Title: Forever in a Moment
Author: Charlotte O’Shay
Genre: Contemporary Romance, RomCom, Holiday Romance
Book Blurb
One vivacious city woman, one grumpy farmer, and enough heat to melt a blizzard.
A stormy encounter...
Samantha DeMartino's Christmas wedding is two weeks away when her fiancé calls the whole thing off. Word on the street: His cold feet are being heated by an old flame. With her well-ordered world in complete disarray, Sam's friends convince her to go on her honeymoon - alone. A week at a charming Vermont inn away from the city, and her demanding corporate career could be just what she needs to figure out her next steps.
Between his 24/7 work schedule on his family's dairy farm and teaching tourists to ski, Jed Armstrong's too busy to think about how lonely he is...until Sam sings her way into his life during a Christmas blizzard.
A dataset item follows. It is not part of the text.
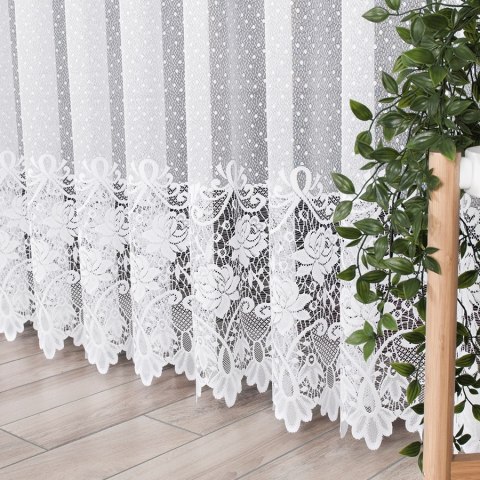 Firanka żakardowa na metry 017480 wysokość 250 cm kolor biały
Now, he has to figure out a way to convince her to stay.
Can a vivacious city woman find forever with a reclusive farmer?
Will her secret keep her from trying?
Excerpt:
Honeymoon for One
How did I, Samantha DeMartino, end up driving a rental car in a snowstorm on my way to a tiny town in Vermont on a honeymoon for one?
I’ll tell you but keep your comments to yourself until the end. Let’s just say…it’s not pretty.
That Friday started out like any other day. And by any other day I mean every other day. You can set your watch by my schedule. No, actually you could run NASA by my schedule it’s that freakin’ predictable.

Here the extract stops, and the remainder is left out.